Alright, you guys know the gig, e-mail me your questions and I’ll answer them. If I think any are worth sharing in that special kind of sharing way, I’ll post them up on the site in this question and answer section. For this week, I hope you enjoy the show…
Billy Hoyle from NoCal asks, “I know I could have probably looked it up, but that’s not as much fun. I’ve asked you lots of questions, and your answers have always been useful and entertaining – so, without further ado, can you please explain to me what the hell a Turdunkan is? “
WITHOUT looking it up, I will do my best to give you my version of a freakish Thanksgiving extravaganza that can only really be correctly described by someone crazy enough to be as successful and obviously inept as one John Madden. Here goes nothing Billy Hoyle. A Turdunkan is a mixture of three birds, but more of a lego creation than an actual mix. See, a Turdunkan consists of a Turkey, a Duck, and a Chicken – but not just pieces, all three birds mooshed together. Better yet, mooshed inside one another. You have the turkey on the outside, the chicken inside the turkey, and the duck inside the chicken – unless of course you get organic chicken, in which case you probably have to breast the duck to fit it in the chicken. There is stuffing in the Turkey and likely the chicken as well, and I’m sure the bird sauce combines to make one hell of a gravy starter – but all in all, this is a de-feathered fluster of bird that is bound to make you feel like you’re delivering a baby while preparing the damn thing. I’d eat one, but creating seems unlikely. I say do it all big guy, but deep fry them in a giant vat of oil. Not frozen thought, that creates bombs.
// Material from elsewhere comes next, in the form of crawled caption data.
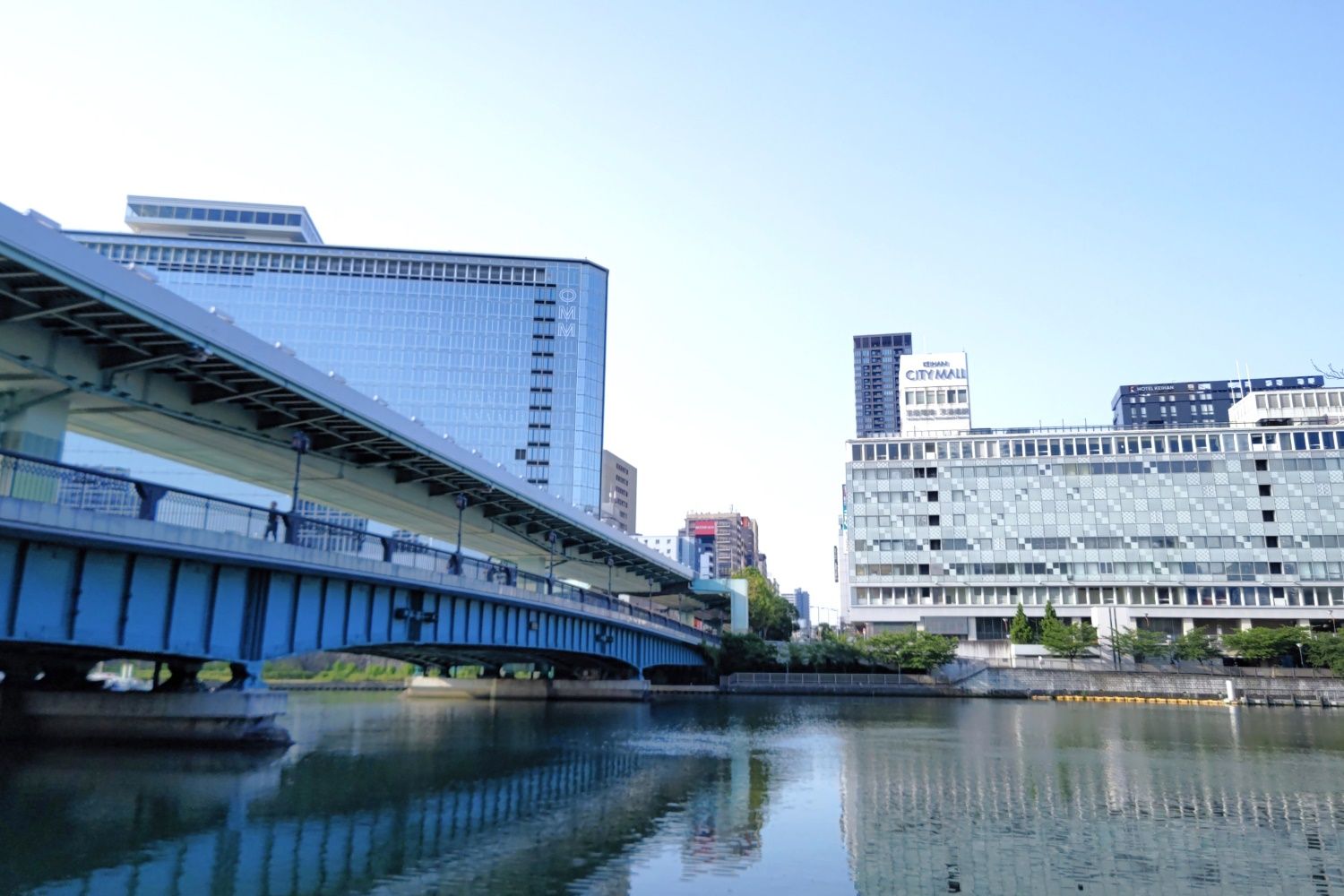 OMMビルと天満橋、京阪シティモール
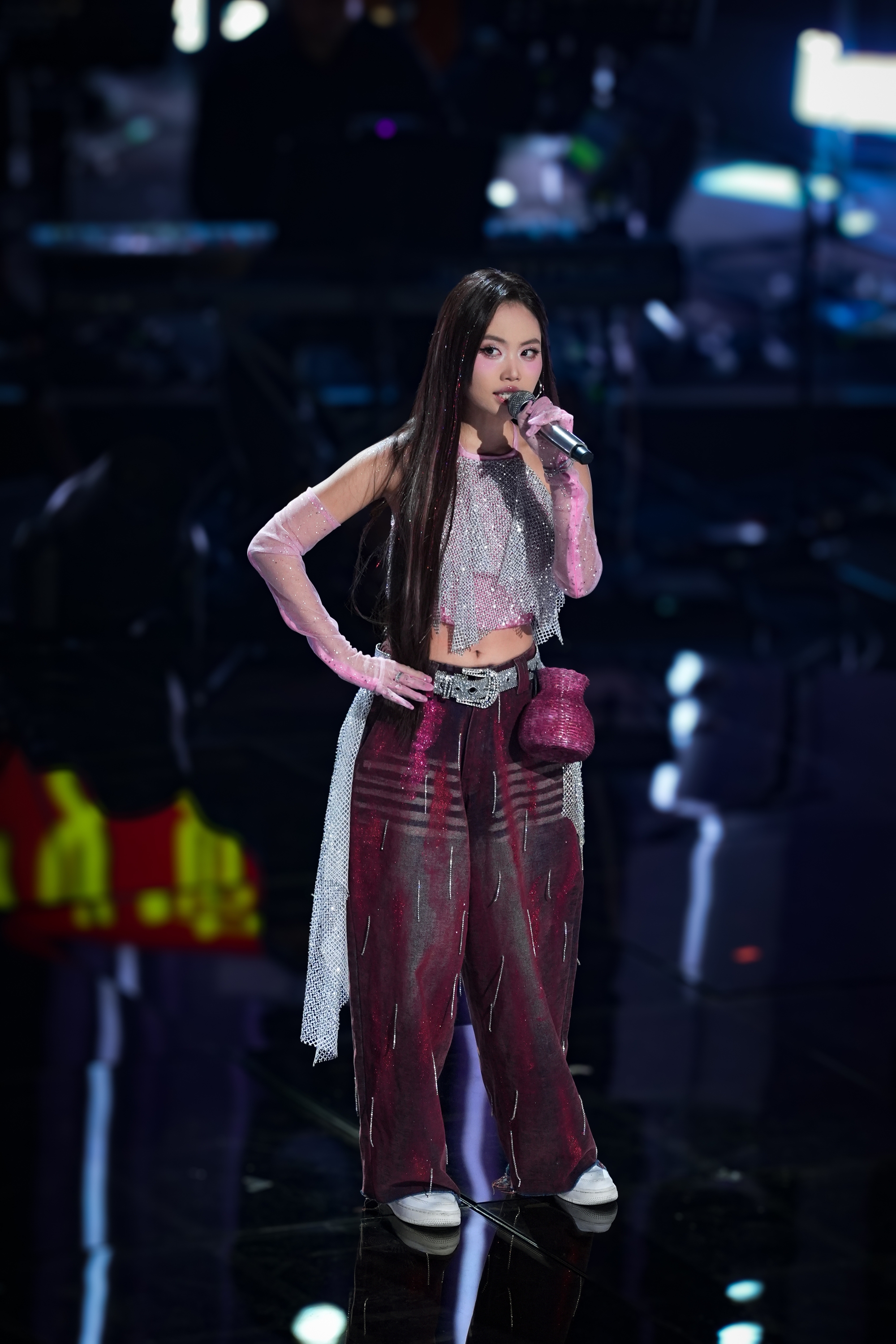 Phương Mỹ Chi slay nhất Bán kết 2 Sing! Asia: Hát rap rồi múa bụng lẫn popping đều cân đẹp, netizen yêu cầu “giảm sức mạnh ngay”- Ảnh 5.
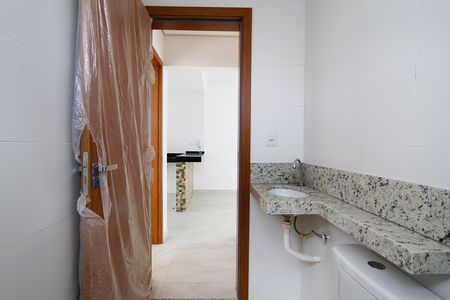 Apartamento à venda com 76m², 2 quartos e 2 vagasBanheiro Social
Jessi Harrison yells, “I HATE THE LIONS!!! Isn’t it time to throw this “tradition” under the freaking bus? Tell me one good reason the good public should be forced to watch these kittens play!”
Jessi, if you so insist – here’s 4 good reasons to watch that terrible team. Everyone should watch the Lions play on Sunday to further their respect for their own team. That’s right – if you think your team is struggling Seahawk fan, Rams fan, 49er, Texans fan, and even Raider fan (just barely), set your eyes on the Lions against the Titans and laugh it up, point and cackle, because after a good Lion game, you’ll feel like Matt Schaub and company are on the verge of Super Bowl stardom. How about History? That’s reason two. This team isn’t going to win a game. I don’t care what anybody says. It’s not likely to happen, why? They are the worst team in the NFL, by far. I know history suggests a win is on the way, but can history take into account the fact that almost every team is pretty solid, except the freaking Lions? No it can’t. History forgets that fact. The ghost of Barry Sanders. I don’t think anybody would admit to this, but until Barry takes over this team, or Barry releases his ghostly powers over the Lions organization, they are damned to failure. So follow him, and hate them as best you can. If those reasons aren’t enough, how about Calvin Johnson. Talk about a guy that has it all. Every team in the league knows who is getting the ball – but Calvin still gets it. Sure, he got screwed when the Lions took him #2, but he’s rich now, and gets to catch footballs for a nice living – don’t feel too bad for him.